Igor Mitoraj (1944–2014) was a Polish sculptor celebrated for monumental bronze figures inspired by classical antiquity. His signature style depicts gods, heroes, and heads as beautiful but broken — fragmented, bandaged, or incomplete — evoking the ruined statuary that survives from the ancient world. He worked largely from a studio in Pietrasanta, Italy, near the Carrara marble quarries.

Why are Mitoraj sculptures in Pompeii?

In 2016 the Archaeological Park of Pompeii staged the open-air exhibition Mitoraj. Pompeii, placing around thirty of the sculptor's monumental bronzes throughout the ruins. The fragmented modern figures were meant to converse with the fragmented ancient city. The show was so successful that several works were left on long-term display among the streets and squares.

Which Mitoraj sculptures can you still see at Pompeii?

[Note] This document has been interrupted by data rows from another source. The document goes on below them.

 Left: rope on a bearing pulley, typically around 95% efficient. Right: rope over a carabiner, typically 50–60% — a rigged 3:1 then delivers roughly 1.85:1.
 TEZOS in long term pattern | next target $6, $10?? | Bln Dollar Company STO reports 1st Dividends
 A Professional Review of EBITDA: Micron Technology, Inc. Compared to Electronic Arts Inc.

Several Mitoraj bronzes remain on long-term display, the most famous being a giant fallen Daedalus near the Temple of Venus and a winged Icarus standing in the Forum. A monumental centaur and various colossal heads have also featured among the ruins. Exact placements can change, so check the official site pompeiisites.org before visiting.

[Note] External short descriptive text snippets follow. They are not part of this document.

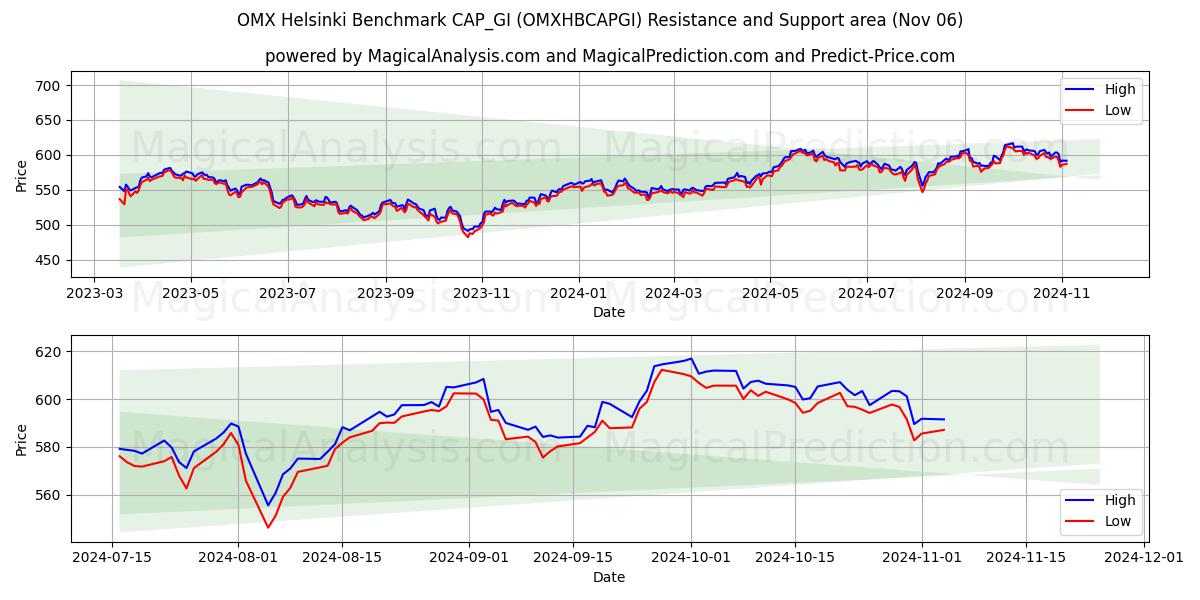  OMX Helsinki Benchmark CAP_GI (OMXHBCAPGI) Support and Resistance area (06 Nov) 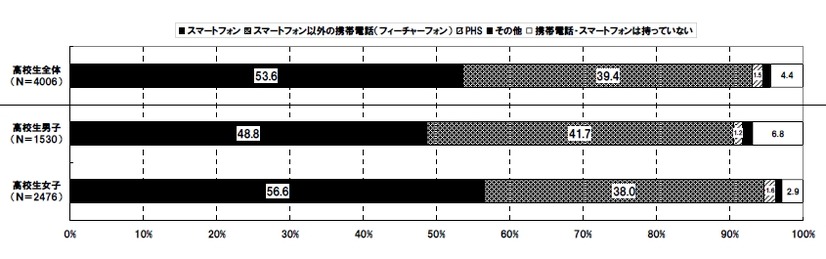 スマートフォン所有状況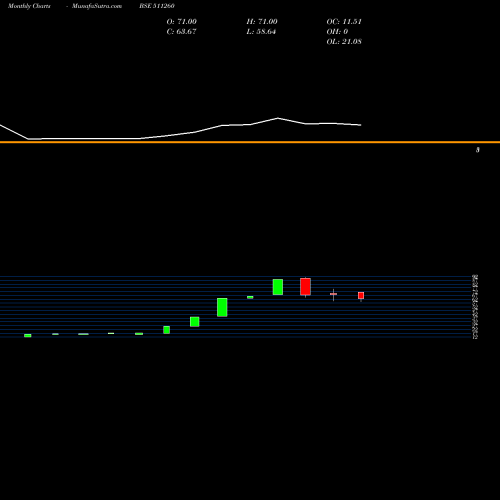 Monthly charts share 511260 IDINFO BSE Stock exchange 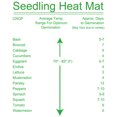 thumbnail image 2 of Tapis Chauffant Imperméable pour Semis 30W Réglable avec 6 Réglages de Température pour une Croissance Optimale des Plantes, 2 of 6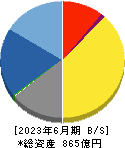 日比谷総合設備 貸借対照表 2023年6月期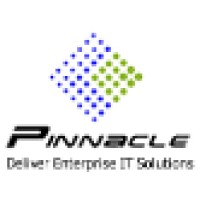 Pinnacle International logo, Pinnacle International contact details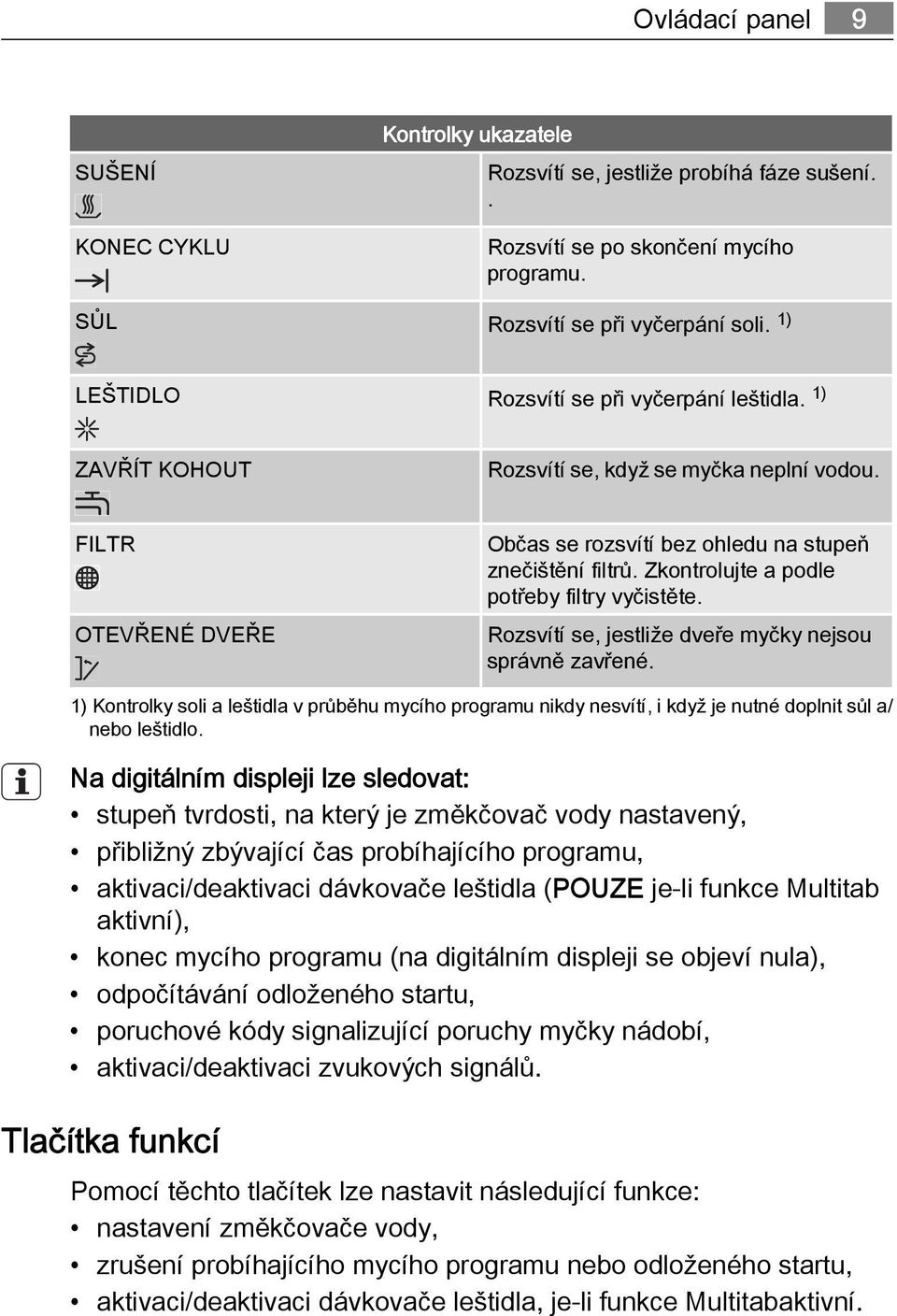 Zkontrolujte a podle potřeby filtry vyčistěte. Rozsvítí se, jestliže dveře myčky nejsou správně zavřené.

Are the Mitoraj sculptures original ancient works?

No. Mitoraj's bronzes are 20th and 21st-century artworks that only imitate the fragmented look of antiquity. They are deliberately broken and incomplete in style, but they are modern castings created by a contemporary sculptor — not Roman finds. They are displayed alongside the genuine ancient ruins to create a dialogue between old and new.